Mullaiththeevu residents resume deity rituals after confronting intruding Sinhala group
[TamilNet, Sunday, 16 September 2018, 20:33 GMT]
The Tamil residents of Kumuzha-munai and Tha'n'ni-mu'rippu villages in Karai-thu'raip-pattu division of Mullaiththeevu district on Sunday staged a ‘Padaiyal’ ritual to their village deity at Kurunthoor-malai after Mullaiththeevu Magistrate on Thursday lifted the restraining order, which had come into force following the controversies earlier this month. A group of Sinhala youth, led by two extremist Theravada Buddhist monks, attempted to erect a Buddha statue at the hilltop of Kurunthoor-malai, a place with traces of ancient heritage in the country of Eezham Tamils, causing ethnic tension at the site. SL Forest Department guards and SL military intelligence soldiers wearing civilian clothes had accompanied the intruding mob, which was besieged by a group of vigilant Tamil youth on 04 September.
The Sinhala extremist group was having a written document issued by the SL Archaeology Department in Sinhala, which stated they were ‘authorised’ to engage in conservation work.
Furthermore, two men in the group also claimed that they belonged to SL Archaeology Department without any identity documents to substantiate their claim.
The SL Police was also backing the intruders but was unable to confront the villagers as more than one hundred villagers had mobilised.
The plan to erect a Buddha statue at Kurunthoor-malai was spoiled as the Tamil residents mobilised against the intrusion.
If the group had proceeded with placing the Buddha statue, it would have been difficult to legally confront their claim at the courts, Tamil lawyers who represented the interests of the villagers said.
14 Tamil lawyers were present at the courts on Wednesday.

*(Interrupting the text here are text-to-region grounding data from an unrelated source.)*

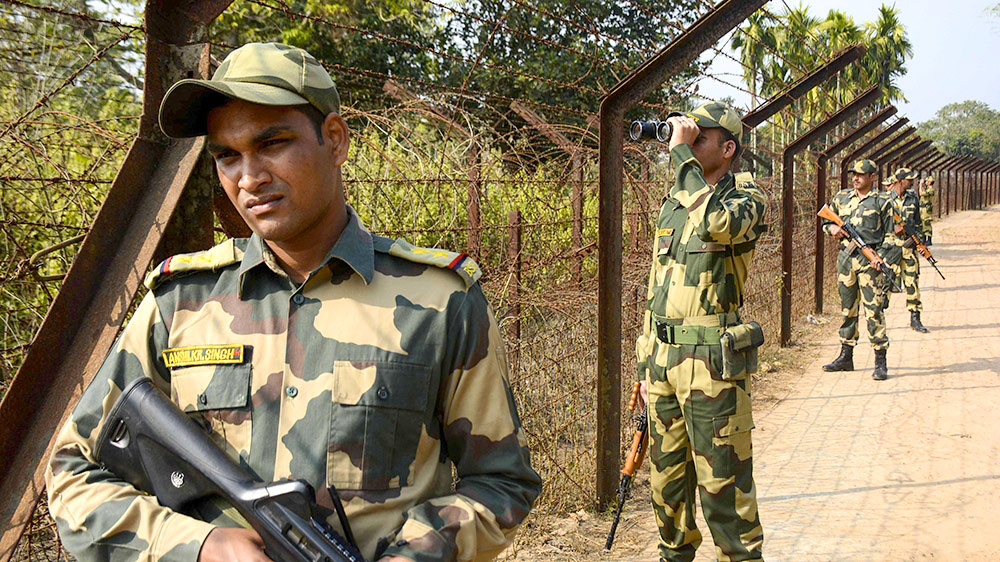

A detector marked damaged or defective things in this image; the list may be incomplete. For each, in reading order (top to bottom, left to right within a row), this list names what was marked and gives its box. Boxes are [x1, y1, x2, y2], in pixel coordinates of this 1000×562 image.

rusty metal fence post [592, 0, 764, 508]
rusty metal fence post [776, 86, 880, 346]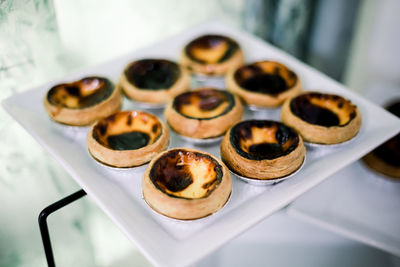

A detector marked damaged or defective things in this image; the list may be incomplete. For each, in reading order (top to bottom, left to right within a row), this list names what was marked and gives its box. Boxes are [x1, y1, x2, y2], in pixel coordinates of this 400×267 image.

burnt custard filling [186, 34, 239, 64]
burnt custard filling [47, 76, 113, 109]
burnt custard filling [125, 59, 181, 90]
burnt custard filling [172, 89, 234, 120]
burnt custard filling [234, 61, 296, 95]
burnt custard filling [290, 93, 358, 127]
burnt custard filling [93, 111, 162, 151]
burnt custard filling [230, 121, 298, 161]
burnt custard filling [372, 102, 400, 168]
burnt custard filling [151, 150, 223, 200]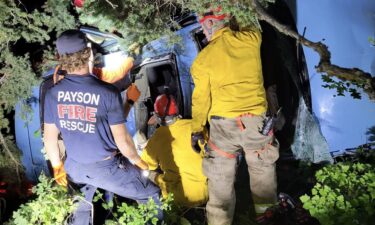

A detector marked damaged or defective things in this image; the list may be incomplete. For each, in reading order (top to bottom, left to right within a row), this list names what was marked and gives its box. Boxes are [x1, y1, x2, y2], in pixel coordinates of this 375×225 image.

crashed vehicle [15, 0, 334, 183]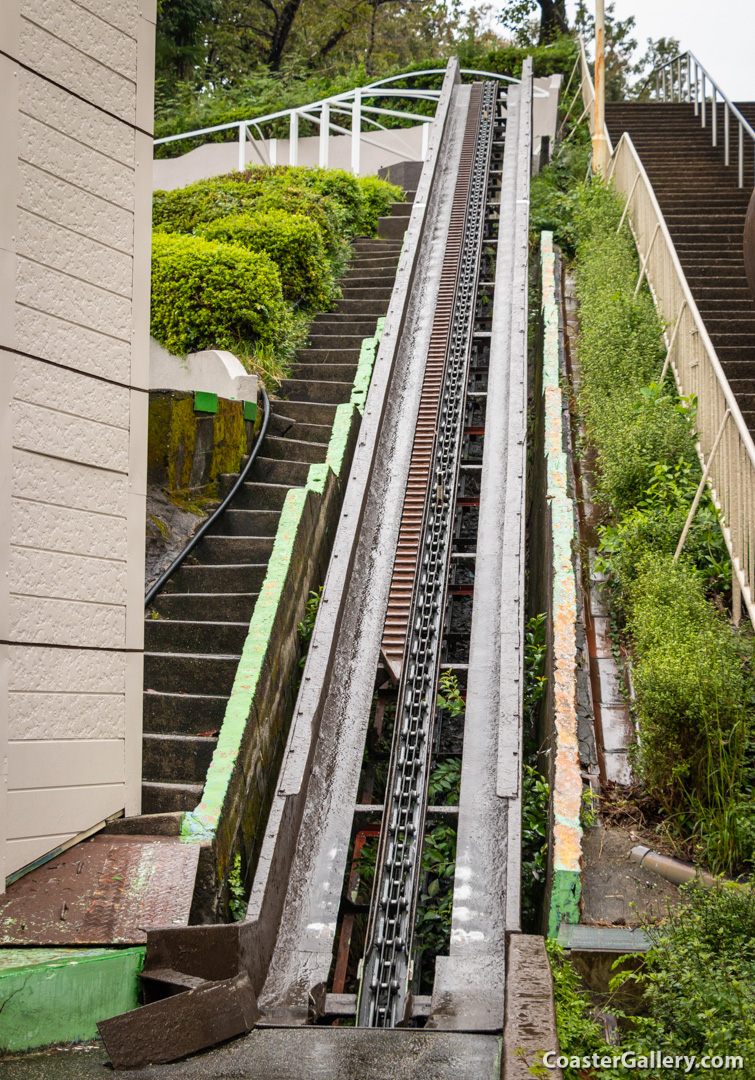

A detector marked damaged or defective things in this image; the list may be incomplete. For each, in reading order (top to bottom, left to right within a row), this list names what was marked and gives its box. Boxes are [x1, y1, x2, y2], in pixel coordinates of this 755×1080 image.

rusty metal plate [0, 829, 200, 941]
rusted steel cover [0, 829, 200, 941]
rusted steel cover [98, 967, 258, 1067]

Mullaiththeevu Magistrate S. Lenin Kumar, who was hearing the case, lifted the interim order and said the rituals being observed by the residents at the hilltop could proceed.
The monks with no connection to the hill were barred from continuing their plans of so-called conservation.
The Magistrate also stated that there were no legal grounds to erect new statues, temples or any other places of worship under cover of archaeological preservation. He also demanded an official explanation from the SL Archaeological Department.
Furthermore, the archaeological interventions carried out in a hostile manner would escalate ethnic tensions, the Magistrate observed stating that any such exercise should be carried out with the participation of the Archaeological Department of the University of Jaffna and with the involvement of experienced residents at the locality.
“This is only a temporary victory”, a lawyer who didn't wish to be named, told TamilNet.
Until the ‘Buddhism foremost’ clause of the unitary constitution of genocidal Sri Lanka is effectively stopped in the traditional homeland of Eezham Tamils in the North-East, the extremist Sinhala monks backed by the institutionalised state mechanisms in the South would be resuming their sinister plans, they said.
Only a political solution to the national question could put an end to cultural and heritage genocide as well as the structural genocide that have been accelated after the physical genocide in May 2009, they added.